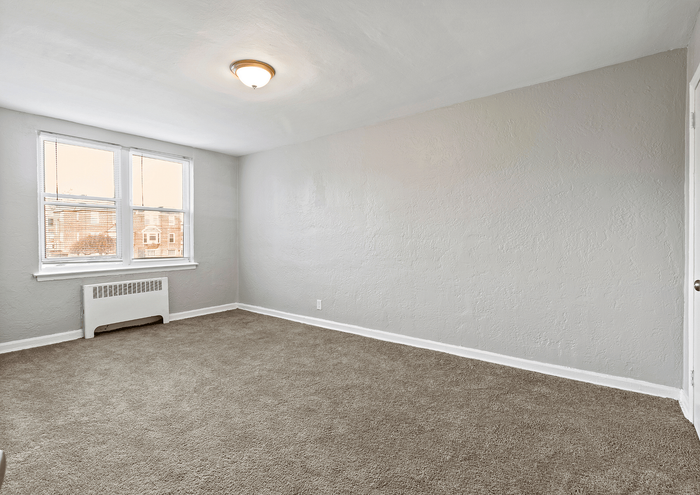 Sunlit empty room with neutral walls and carpet, featuring large windows and a ceiling light.
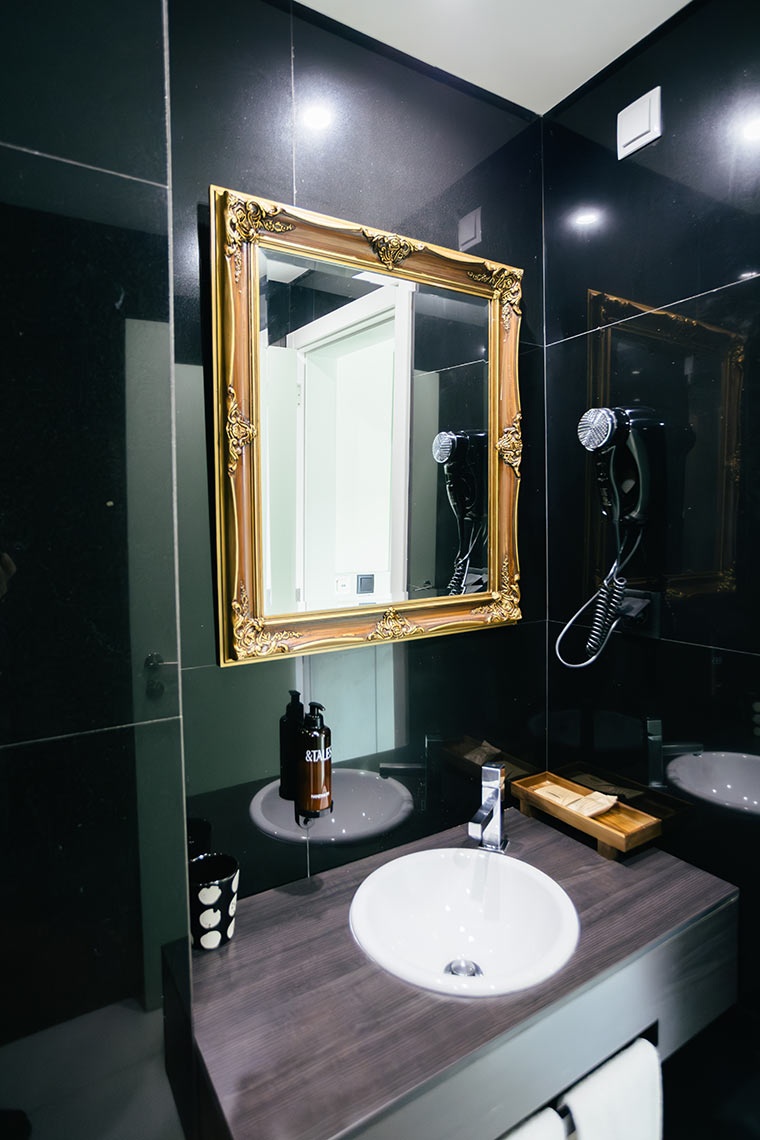 Espelho decorativo em banheiro de hotel AndTales com bancada, pia e secador de cabelo.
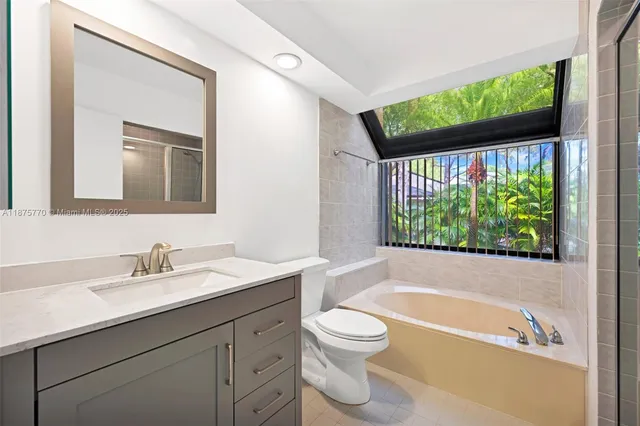 a bathroom with a sink a large mirror and a bathtub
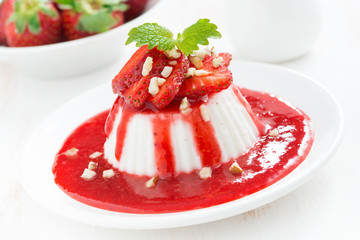 Vanilla panna cotta with strawberry sauce on a plate, horizontal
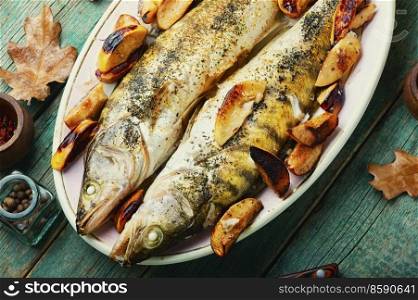Pike perch fried with autumn fruits.Dietary product. Baked dietary fish with quince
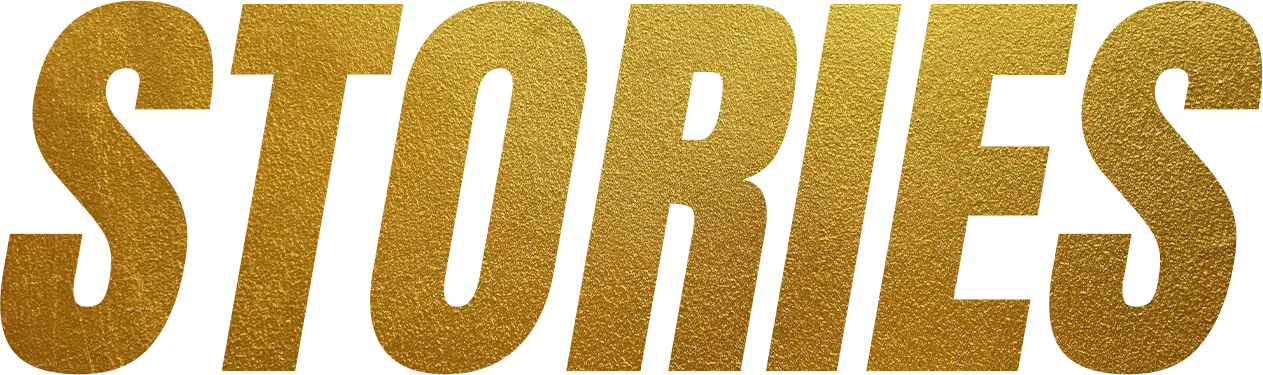Close-up of the word "STORES" written in large, bold, textured gold letters.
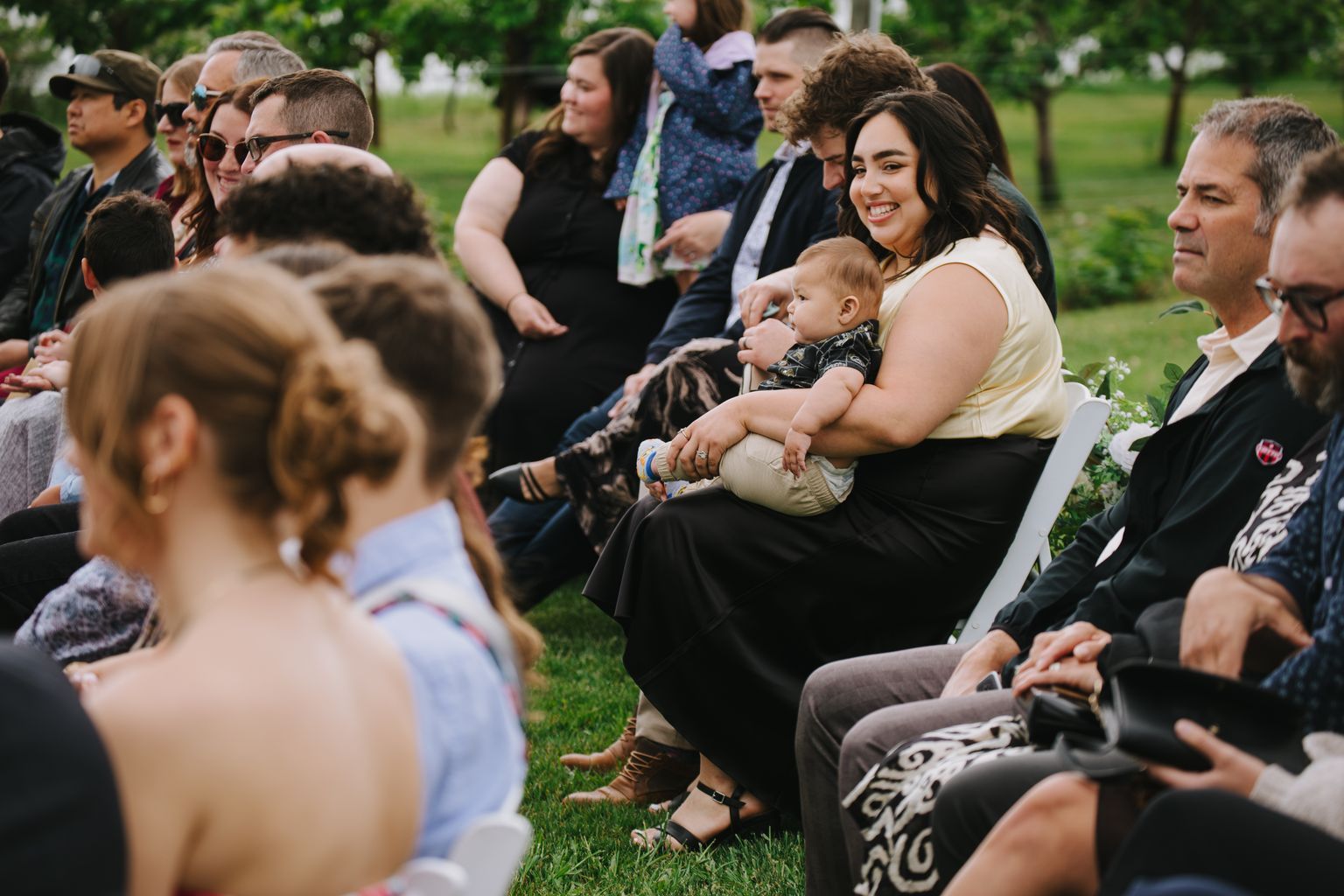 Smiling woman holding a toddler surrounded by family on a green lawn during an outdoor celebration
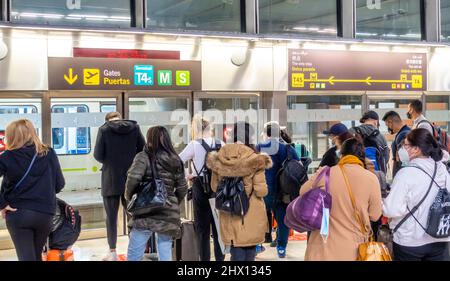 Passeggeri viaggiatori la gente aspetta il treno per Teminal D al terminal delle partenze all'interno dell'aeroporto Madrid-Barajas, Spagna Foto Stock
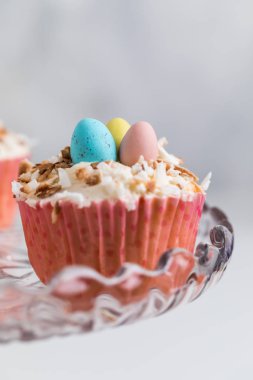 Paskalya için hindistan cevizi kremalı bir kekin ortasındaki üç küçük yumurtadan oluşan bir yuvayı oluşturduğu yakın plan..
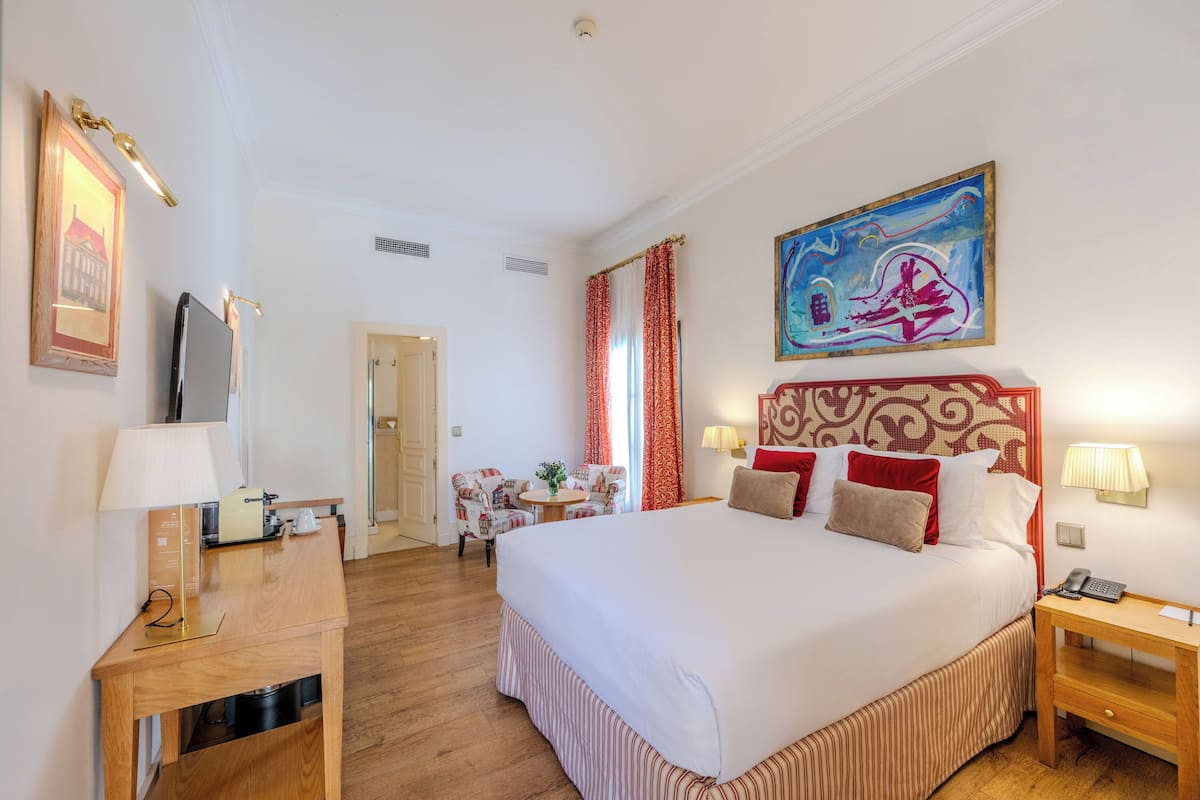 Een hotelkamer met een groot bed, een bureau, een stoel, een televisie en een schilderij aan de muur.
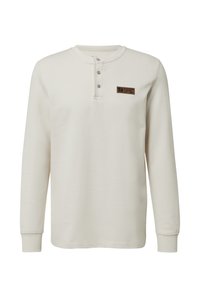 Langarm henley shirt in off-white katoen. Heeft drie knopen bij de hals, ribgebreide manchetten en een bruine logopatch op de borst.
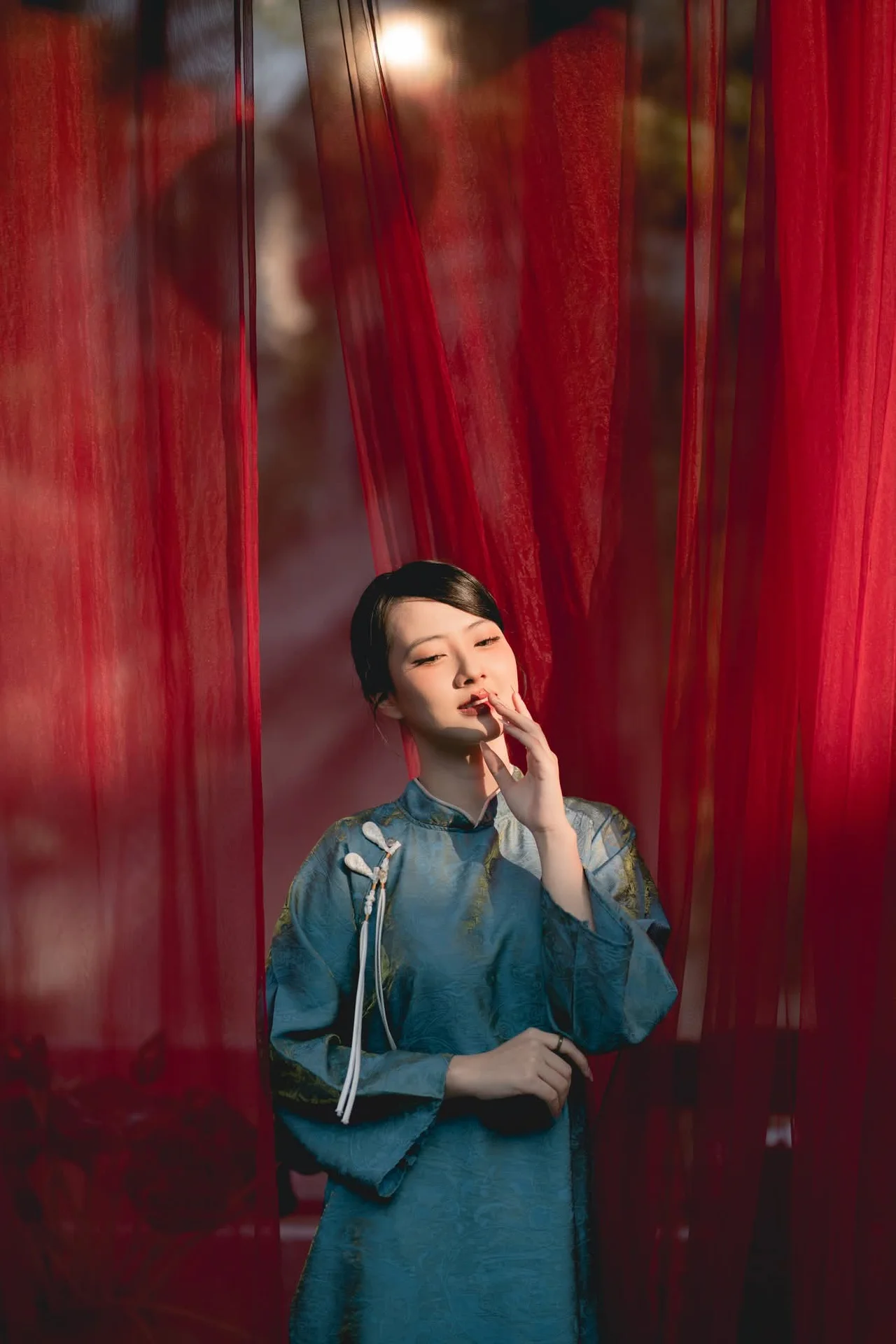 Classic Elegance: Vietnamese Tradition in Blue Silk and Pink Lilies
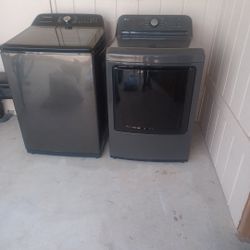 One samsung , one l g washer and dryer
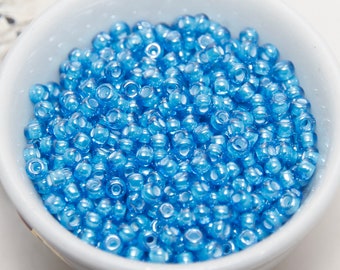 TOHO Size 8 Japanese Glass Seed Beads White Lined Aqua Blue Transparent 10 gm Bag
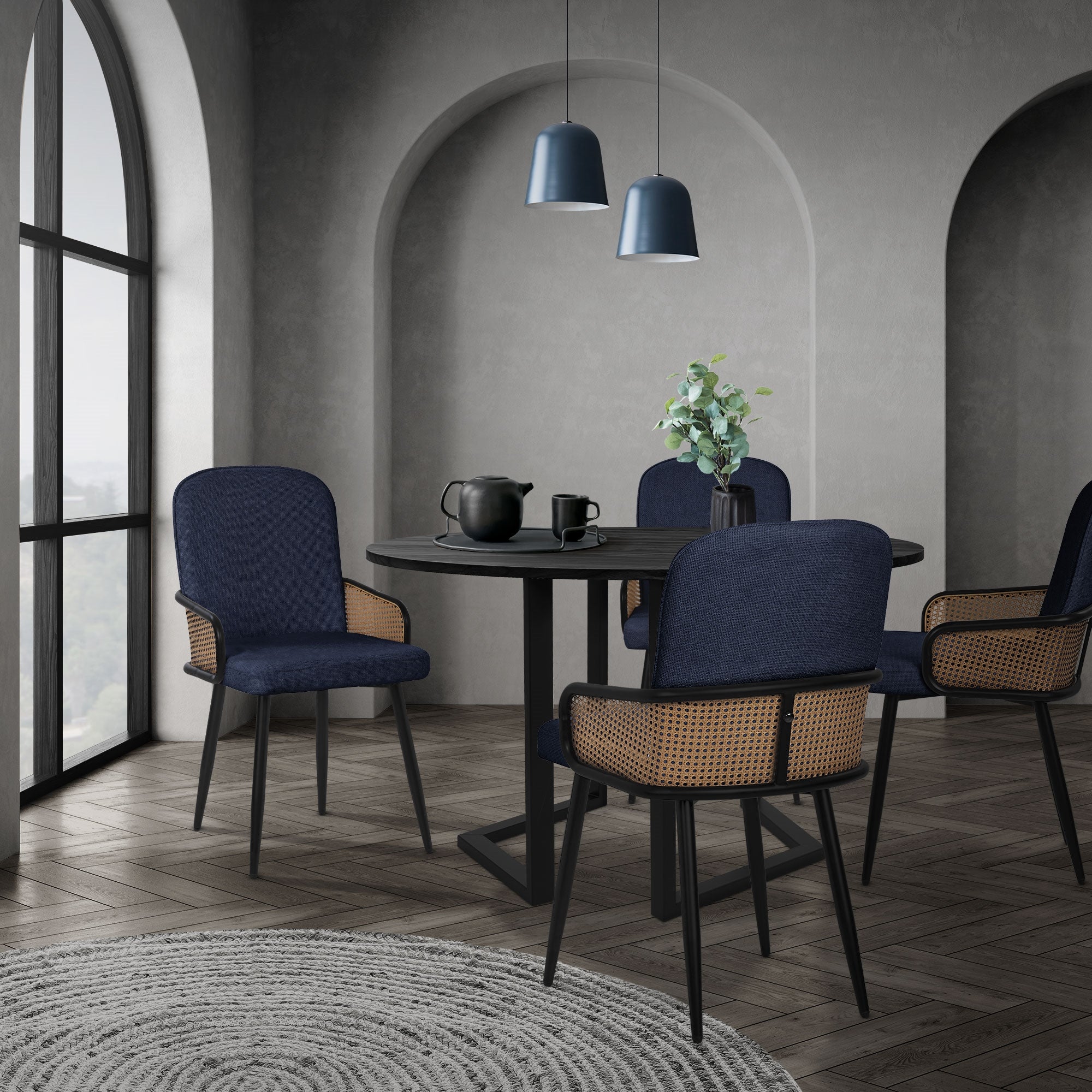 A modern dining area with a round table, four chairs, and large windows.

::::

§ **DIRECTIONS**:
Each line from the beginning of the entries up to and including the one containing "Vanilla panna cotta" must be restated exactly. Pictures are to be left out.

§ **RESULT OF THE EXERCISE**:
 Sunlit empty room with neutral walls and carpet, featuring large windows and a ceiling light.
 Espelho decorativo em banheiro de hotel AndTales com bancada, pia e secador de cabelo.
 a bathroom with a sink a large mirror and a bathtub
 Vanilla panna cotta with strawberry sauce on a plate, horizontal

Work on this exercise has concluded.